それがわかるのは、もっともっと「先」のことだ。あるいは、永遠にわからないことだ。その「わからなさ」を「わからなさ」のまま、ここに存在させるために「文体」というものがある。
松浦の「文体の出自」は、どこにあるのか。いろいろ考えてみるが、「出自」を探すことに意味はない。それは言い直せば、松浦が「松浦の文体」をすでに生み出しているからである。その「生み出し方」は「言い直し/繰り返し」である。「言い直し/繰り返し」には「発見」というよりも「伝統」の方が根強く忍び込んでくる。(つまり、古くさく見えることがある。)松浦は、その忍び込んでくる「文学の力(いのち)」に向き合いながら、それを「いとおしく/いとわしい」と呼べるところにまで引き上げていく。「持続」していく。
*
確立した「個人の文体」(出自を求めなくてもいい文体)というものを、私は、金石稔「時の岸辺の臥所にゆめ揺らぎ/まどろみの散り行く果てに」にも感じる。

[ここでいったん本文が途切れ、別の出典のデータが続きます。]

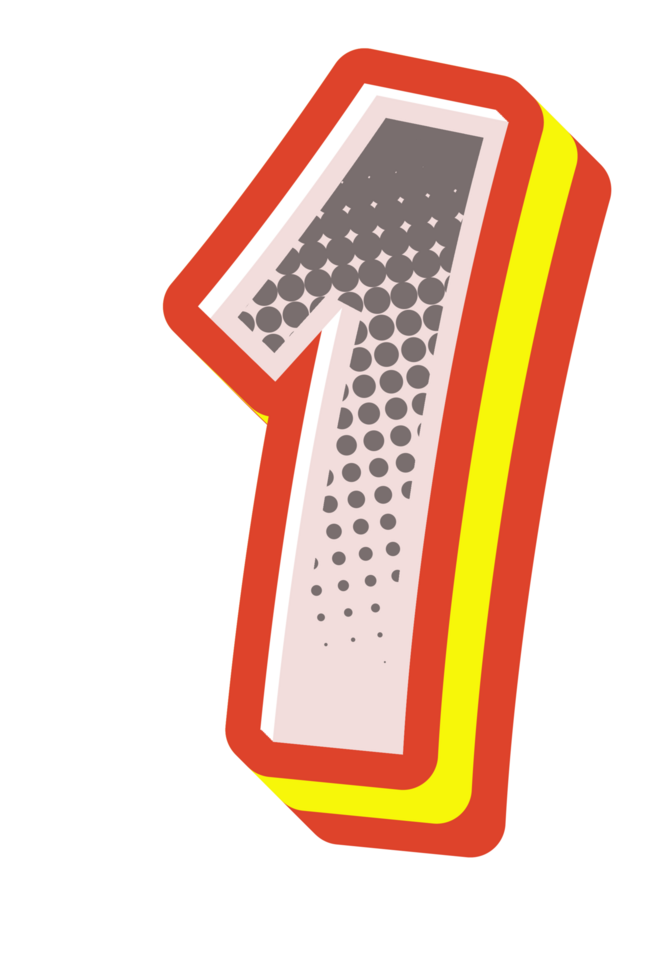 Comic Halftone Alphabet Letter and Number png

音はまったく聞こえないし、むしろ爽やかな朝つゆのしずくが頬にあたっているという
思いにまどろみ、その中をひとが過ぎて行った気がしたが
その影が行間に消えて行ったのを確かに触った思いとはうらはらに、それが忍び泣く声
もことばで名指すほどにははっきりとせず、こんなかぼそさや限りなく細い息など
ここにはもともとなかったはずではないか
「確か(に)」ということばがあるが、「確か」なのは「細部」ばかりで、「全体」は「確か」ではない。「全体」が「確か」ではないからこそ、「触る」(肉体が対象に接触する)ときの「実感」だけが濃密になる。
これは「全体」に対して、常に「細部(個人)」から世界(全体)をとらえなおすという姿勢を維持し続けた結果として、「文体」になったのだ。
他人の言う「全体/世界」などというものは、「ここにはもともとなかった」。それは、いままでもそうだし、これからもそうである。ことばにするときだけ「細部」が「存在」として生まれつづける。この「生まれつづける細部」が「世界」なのだ。
松浦も金石も、「自分の文体」しか信じていない。「他人の文体」を信じていない。そこに美しさがある。